-- Opening Marker --

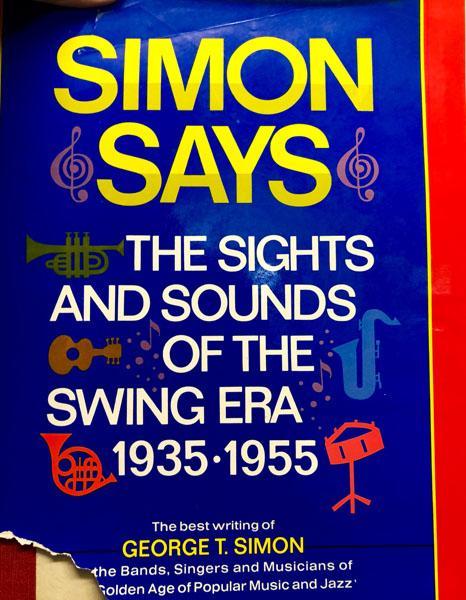 Simon Says The Sights and Sounds of the Swing Era 1935-1955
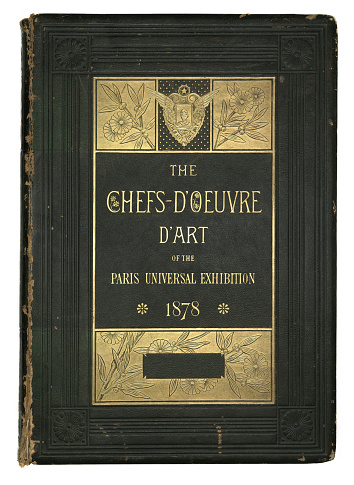 Old Victorian book cover in gold and black leather, The Chefs-D'Oeuvre D'Art of the Paris Universal Exhibition 1878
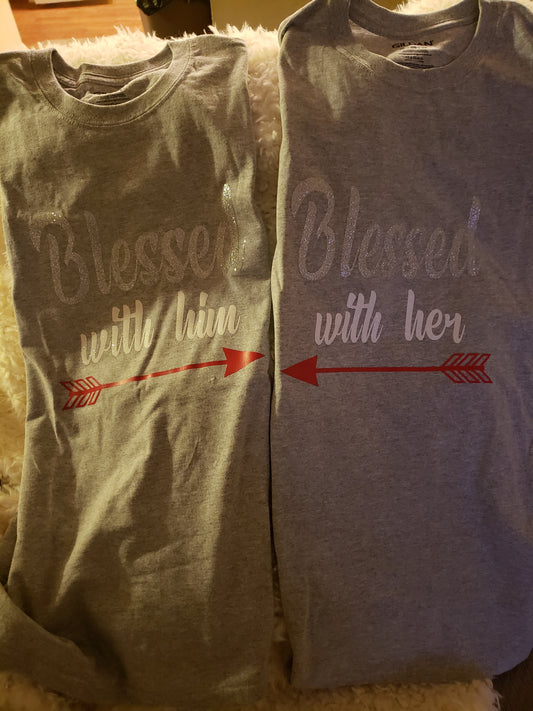 Couples T-Shirts "Blessed with her, Blessed with him"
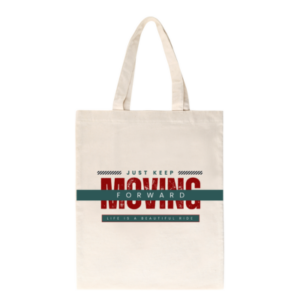 Just Keep Moving Forward "Totebag"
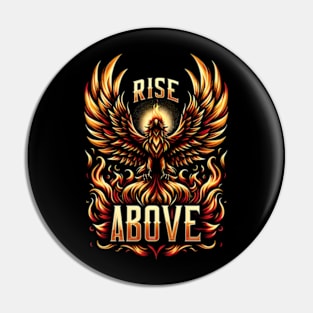 Rise above - Phoenix Pin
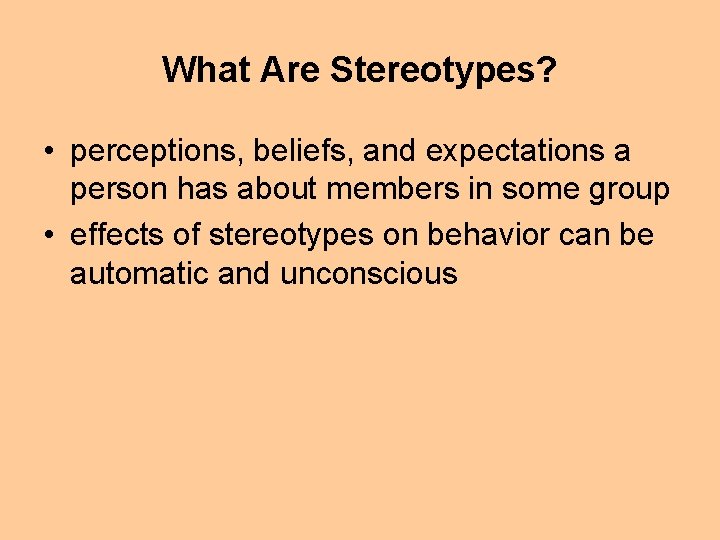 What Are Stereotypes? • perceptions, beliefs, and expectations a person has about members in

-- Closing Marker --

Please output every line of the listing as it stands, and omit its images.

 Simon Says The Sights and Sounds of the Swing Era 1935-1955
 Old Victorian book cover in gold and black leather, The Chefs-D'Oeuvre D'Art of the Paris Universal Exhibition 1878
 Couples T-Shirts "Blessed with her, Blessed with him"
 Just Keep Moving Forward "Totebag"
 Rise above - Phoenix Pin
 What Are Stereotypes? • perceptions, beliefs, and expectations a person has about members in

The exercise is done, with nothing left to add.